Exercise objective: Take the lines below from the one with "Royalty Women's Bike" through the one with "Decorvo Texas Tech" and print only them, exactly. Don't print the pictures.

Data records:
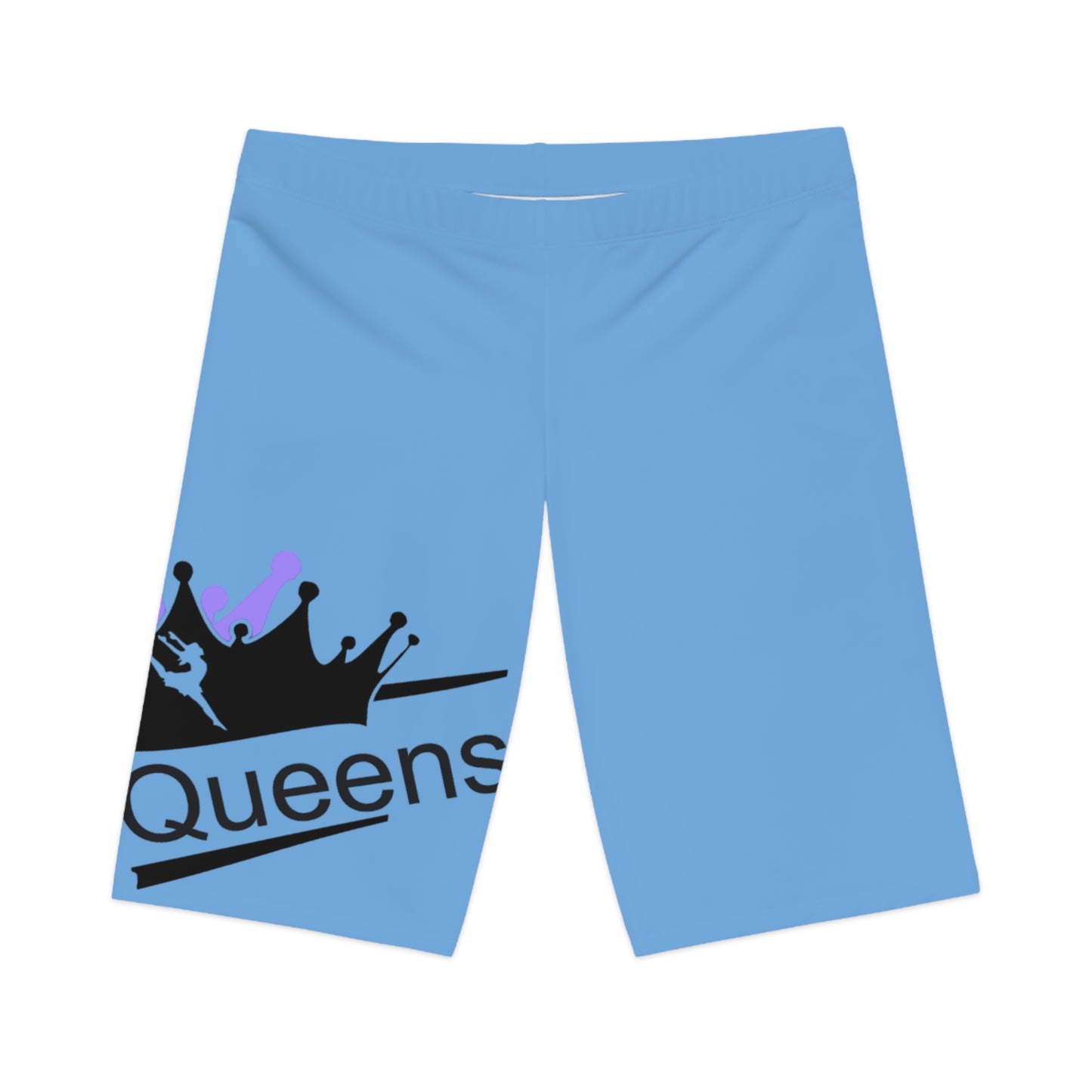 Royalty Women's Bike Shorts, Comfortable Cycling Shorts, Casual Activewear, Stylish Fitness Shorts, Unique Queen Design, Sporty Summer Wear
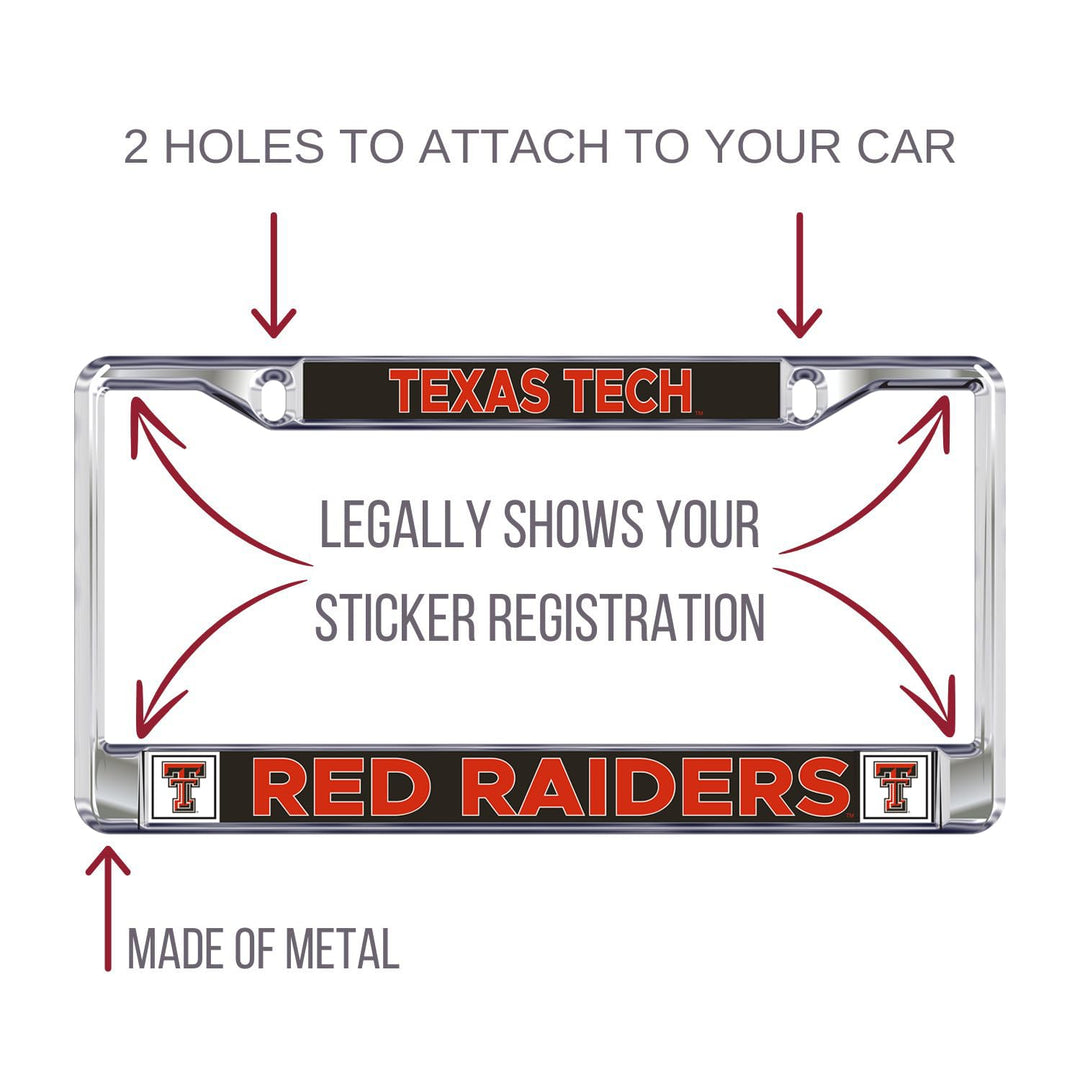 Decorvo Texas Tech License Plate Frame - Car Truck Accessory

---

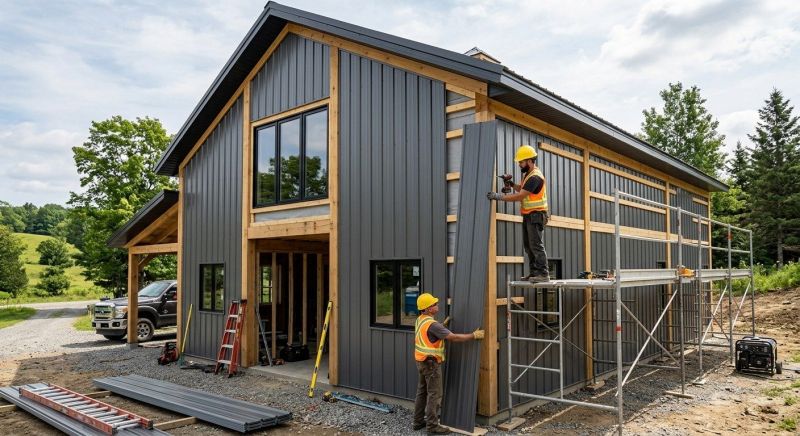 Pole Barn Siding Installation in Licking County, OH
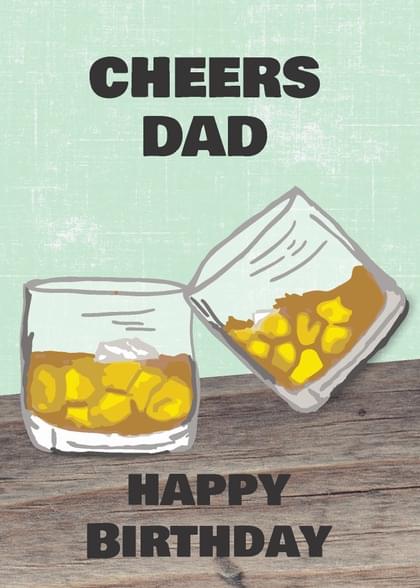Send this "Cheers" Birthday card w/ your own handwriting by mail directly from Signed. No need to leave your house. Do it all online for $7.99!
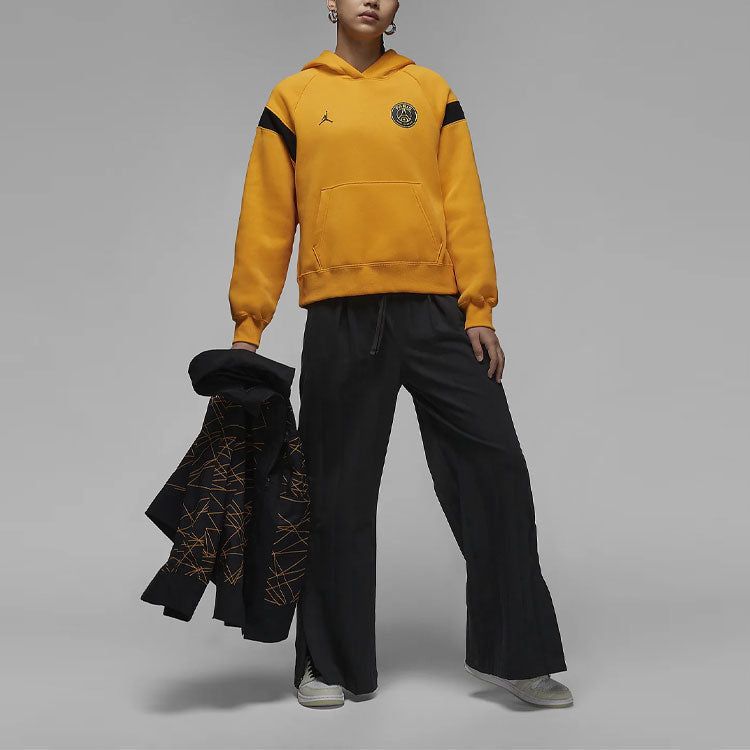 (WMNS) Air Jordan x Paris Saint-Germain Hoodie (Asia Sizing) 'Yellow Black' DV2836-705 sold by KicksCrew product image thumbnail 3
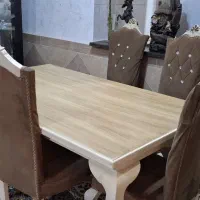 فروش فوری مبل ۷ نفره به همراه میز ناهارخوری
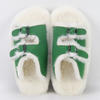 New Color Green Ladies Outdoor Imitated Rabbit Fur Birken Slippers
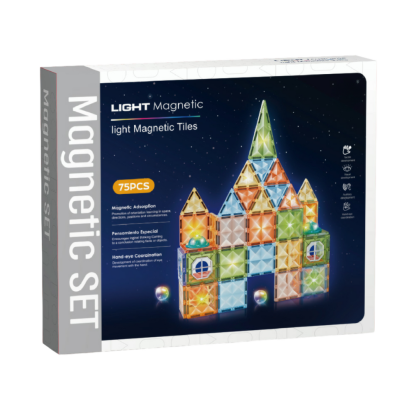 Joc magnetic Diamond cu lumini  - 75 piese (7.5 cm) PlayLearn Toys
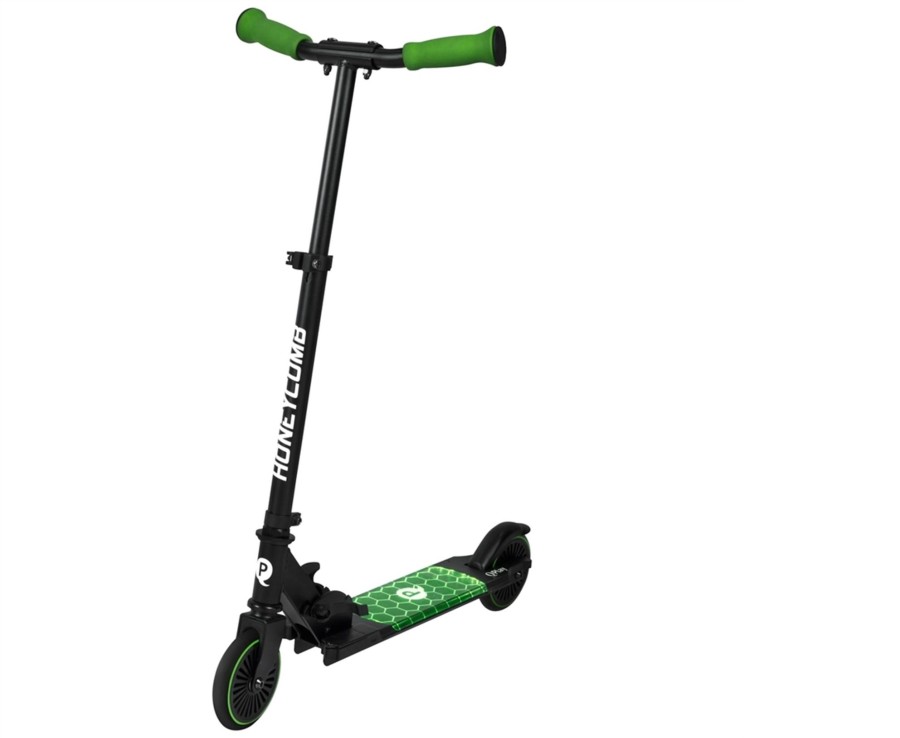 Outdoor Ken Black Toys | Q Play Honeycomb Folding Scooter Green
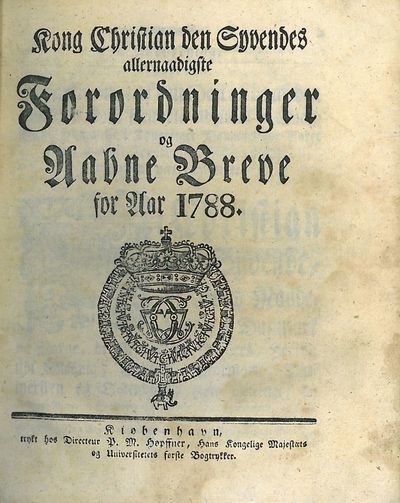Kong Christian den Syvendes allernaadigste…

Solved problem:
 Royalty Women's Bike Shorts, Comfortable Cycling Shorts, Casual Activewear, Stylish Fitness Shorts, Unique Queen Design, Sporty Summer Wear
 Decorvo Texas Tech License Plate Frame - Car Truck Accessory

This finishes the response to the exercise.